QurAlis Licenses Eli Lilly’s Preclinical Compounds That Target Neuronal Excitotoxicity
QurAlis Corporation has licensed preclinical small molecule compounds — designed to treat amyotrophic lateral sclerosis (ALS) — from Eli Lilly and Company, furthering QurAlis’s specialization in ALS treatment development.
The investigational molecules are aimed at specifically counteracting a pathological symptom of ALS called excitotoxicity, a process by which receptors in nerve cells (neurons) are over-stimulated by excitatory signals like the neurotransmitter, or chemical messenger, glutamate.
From patient-derived data, researchers at QurAlis have found that excitotoxicity contributes to the degeneration of motor neurons in anywhere from 20%–50% of ALS patients. This is, in part, because excitotoxicity can cause calcium ions to flow into neurons, and high calcium levels can trigger programmed cell death.
Additionally, hyperactivity can cause the accumulation of toxic proteins and free radicals in neurons, which can impair functionality. The removal of these toxins is slowed in ALS patients, furthering the progression of the disease.
By licensing treatments that may potentially stop this process, QurAlis intends to develop strategies to prevent the progression of ALS.
“Data from ALS patient-derived stem cell models suggest that excitotoxicity is a major driver of motor neuron degeneration in ALS,” said Dan Elbaum, PhD, CSO of QurAlis, in a press release. “The compounds included in this licensing agreement will enable us to target neuronal excitotoxicity in ALS in a novel way.”

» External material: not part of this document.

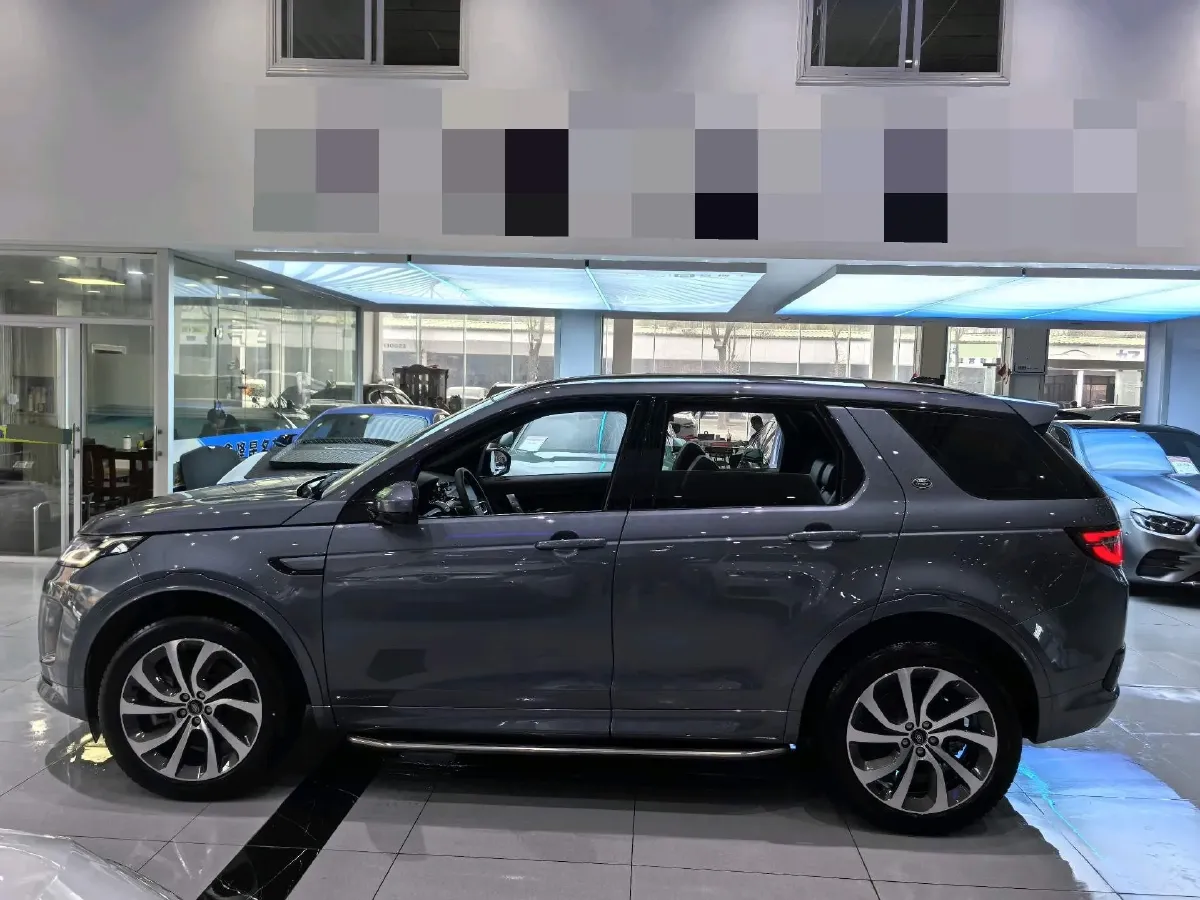 2022 Land Rover Discovery Sport 2.0T 249HP L4 9AT,autocango,china used car exporter,china ev exporter,chinese used car exporter,chinese used ev exporter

QurAlis believes that the newly licensed compounds have potential to be targeted ALS therapies that will potentially modify the course of disease itself.
“We believe that the compounds we are in-licensing from Lilly have great potential for the development of a targeted ALS therapy, and we intend to advance these compounds to the clinic and to patients in need,” said Kasper Roet, PhD, CEO of QurAlis. “Our ultimate goal has always been to develop clinically meaningful disease modifying medicines for ALS, and this agreement represents a big step in that direction.”
The company has also shown optimism about analyzed data from early clinical trials for these treatments.
“We are very encouraged by the signs of activity from early clinical trials on this pathway, which suggest that we may be able to prevent the toxicity to neurons typical of ALS and hopefully modify the course of the disease,” Elbaum said.
As QurAlis specializes in ALS treatments, the company is taking other approaches to treat the disease as well. In addition to excitotoxicity, QurAlis is investigating the disruption of neural pathways occurring in ALS patients, which also leads to the build-up of toxic products in neurons.